Instructions to follow:
Find each line below where the word "Photo" occurs, and copy it.

Material for the task:
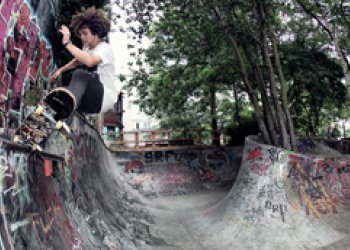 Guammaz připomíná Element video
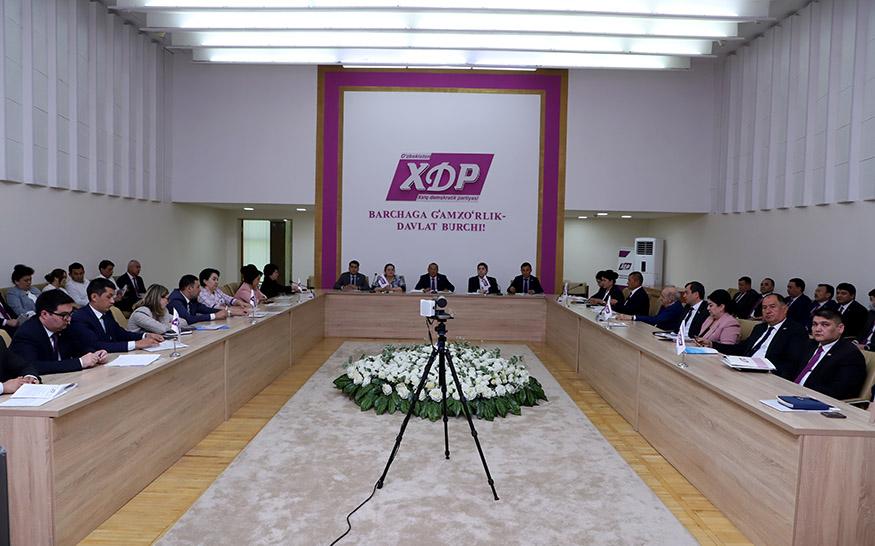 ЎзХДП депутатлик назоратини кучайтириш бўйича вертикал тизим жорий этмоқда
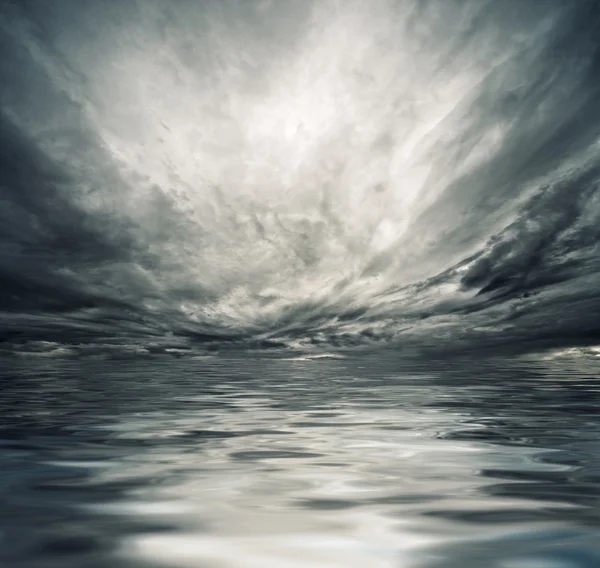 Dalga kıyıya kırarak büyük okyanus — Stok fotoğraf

==

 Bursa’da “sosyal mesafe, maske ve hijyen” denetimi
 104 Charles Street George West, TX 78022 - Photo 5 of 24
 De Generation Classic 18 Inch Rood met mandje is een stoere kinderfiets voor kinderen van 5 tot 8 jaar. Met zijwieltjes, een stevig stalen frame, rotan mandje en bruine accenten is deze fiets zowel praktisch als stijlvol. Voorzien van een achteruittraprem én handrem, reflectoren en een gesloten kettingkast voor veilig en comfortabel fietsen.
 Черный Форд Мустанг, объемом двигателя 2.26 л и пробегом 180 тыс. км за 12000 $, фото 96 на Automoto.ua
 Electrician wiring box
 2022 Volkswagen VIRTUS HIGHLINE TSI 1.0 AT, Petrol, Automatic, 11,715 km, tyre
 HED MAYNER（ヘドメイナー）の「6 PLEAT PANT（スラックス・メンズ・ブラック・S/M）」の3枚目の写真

* * *

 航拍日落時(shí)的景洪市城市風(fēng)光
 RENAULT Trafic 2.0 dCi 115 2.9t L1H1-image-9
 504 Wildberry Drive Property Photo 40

Written response:
 104 Charles Street George West, TX 78022 - Photo 5 of 24
 504 Wildberry Drive Property Photo 40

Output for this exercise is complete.